Yasmany González Valdés was arrested last Thursday as part of the police operations around the date of May 1. (Facebook)

14ymedio bigger14ymedio, Havana 2 May 2022 — The activist Yasmany González Valdés announced this Monday that he will stop posting on social networks after being released this Sunday after four days in Villa Marista, the State Security headquarters in Havana. The young man was arrested last Thursday as part of the police operations around May 1st, Cuba’s Labor Day.

“I’m already at home with my family (…) I’m going to quit, caballero, because nobody knows what a family member goes through when you’re in there,” González wrote on his Facebook account a few hours after his release. The activist lamented the lack of solidarity of the Cuban population with the dissidents.

The young man, who works as a self-employed bricklayer, gave as an example the well-known activist Carlos Ernesto Díaz González (known on social networks as Ktivo Disidente), who on April 28 climbed a wall on San Rafael Boulevard in La Havana and asked for freedom for Cubans, but received no support from the people.
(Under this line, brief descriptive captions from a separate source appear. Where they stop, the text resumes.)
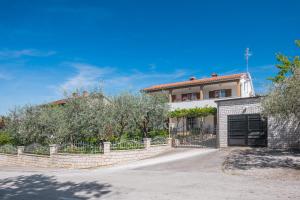 ein Haus mit einem Zaun vor einer Einfahrt in der Unterkunft Apartment Kazalac Green Oasis in Poreč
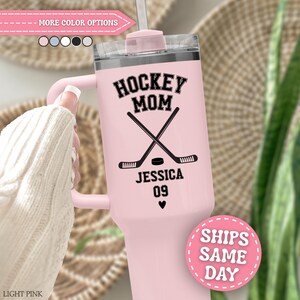 May include: A light pink stainless steel tumbler with a handle and a clear lid. The front features black text reading HOCKEY MOM, JESSICA, and 09, along with a graphic of two crossed hockey sticks, a puck, and a small heart symbol below the number.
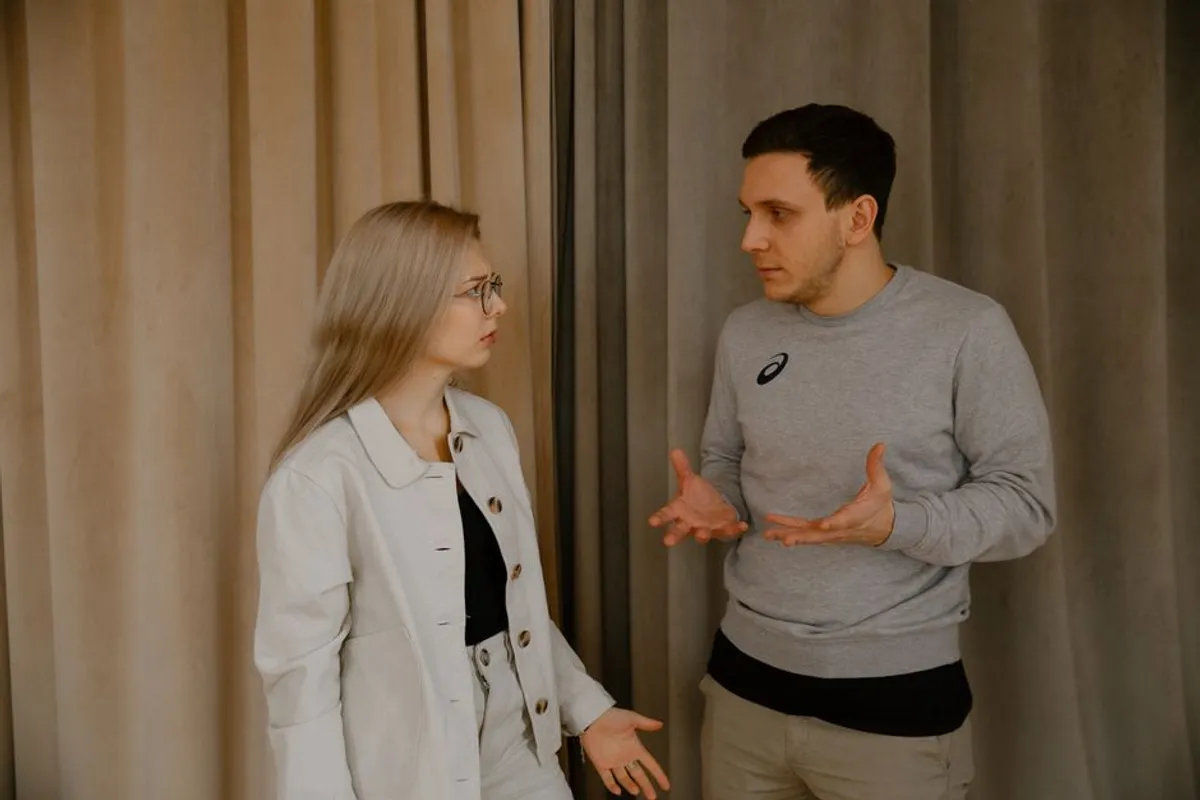 Couple in a gentle, open discussion at home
“There’s nothing clearer than the video of Ktivo asking for freedom all by himself and people telling him: ’Shut up!’ This goes for the opponents and for the whole world, Ktivo is in prison for lack of support, so draw your own conclusions.”

Last Saturday, González’s wife was able to send him some personal hygiene products in Villa Marista, as confirmed to 14ymedio. The guards did not specify, at that time, if the activist was going to be prosecuted for any crime and limited themselves to announcing to his wife that he could visit the detainee next Wednesday if he was still under arrest by then.

This is not the first run-in that González has had with the political police. On April 12, he was fined with the application of Decree Law 370 for his publications on social networks in which he frequently denounces the violations of human rights on the Island and demands the release of those sentenced for the protests of July 11th.

According to the Inventory Project, on that occasion González was summoned to the National Revolutionary Police, “they took him to a cell and after a while, they took him to a room before a State Security officer and two inspectors from the Ministry of Communications of Cuba,” where they applied a fine of 3,000 pesos.

“Several of my publications were printed. They told me that my posts and videos incited violence and that if I did another one they would prosecute me,” Yasmany González told Proyecto Inventario. This mason’s fine is number 56 imposed by Decree 370, according to the records published by the Inventory Project.